++++ DATA ++++

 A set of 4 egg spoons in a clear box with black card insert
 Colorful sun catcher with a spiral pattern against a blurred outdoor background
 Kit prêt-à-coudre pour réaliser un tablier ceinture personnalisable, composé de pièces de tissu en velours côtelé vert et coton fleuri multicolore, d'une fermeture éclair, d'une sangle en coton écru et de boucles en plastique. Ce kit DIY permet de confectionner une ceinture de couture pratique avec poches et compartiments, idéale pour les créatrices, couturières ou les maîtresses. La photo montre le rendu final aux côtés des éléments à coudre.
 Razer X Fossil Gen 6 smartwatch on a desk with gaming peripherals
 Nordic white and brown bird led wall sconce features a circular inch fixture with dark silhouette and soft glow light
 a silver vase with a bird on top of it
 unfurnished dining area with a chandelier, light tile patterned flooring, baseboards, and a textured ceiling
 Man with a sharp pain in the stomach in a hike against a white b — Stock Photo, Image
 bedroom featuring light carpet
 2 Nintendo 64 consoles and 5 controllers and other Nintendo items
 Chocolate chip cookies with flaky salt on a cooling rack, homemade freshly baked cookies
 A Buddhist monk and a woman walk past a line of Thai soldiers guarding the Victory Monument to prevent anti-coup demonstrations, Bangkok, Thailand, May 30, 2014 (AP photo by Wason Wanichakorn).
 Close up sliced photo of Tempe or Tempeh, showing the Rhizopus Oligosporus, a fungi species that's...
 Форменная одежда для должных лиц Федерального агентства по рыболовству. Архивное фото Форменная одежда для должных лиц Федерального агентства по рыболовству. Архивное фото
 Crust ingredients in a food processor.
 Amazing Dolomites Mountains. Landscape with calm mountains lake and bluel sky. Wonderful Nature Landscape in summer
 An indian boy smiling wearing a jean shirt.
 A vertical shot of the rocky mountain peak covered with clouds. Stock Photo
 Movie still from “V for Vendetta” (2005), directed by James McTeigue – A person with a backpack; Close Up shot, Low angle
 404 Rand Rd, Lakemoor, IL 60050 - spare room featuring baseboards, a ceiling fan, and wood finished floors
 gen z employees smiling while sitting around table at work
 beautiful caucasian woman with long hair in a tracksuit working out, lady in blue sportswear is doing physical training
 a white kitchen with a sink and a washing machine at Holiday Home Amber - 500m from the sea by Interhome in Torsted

++++

> **REQUIRED WORK**
Above are some records. Copy each of their lines that holds the string "white".

> **RESULT FOR THIS EXERCISE**
 Nordic white and brown bird led wall sconce features a circular inch fixture with dark silhouette and soft glow light
 Man with a sharp pain in the stomach in a hike against a white b — Stock Photo, Image
 a white kitchen with a sink and a washing machine at Holiday Home Amber - 500m from the sea by Interhome in Torsted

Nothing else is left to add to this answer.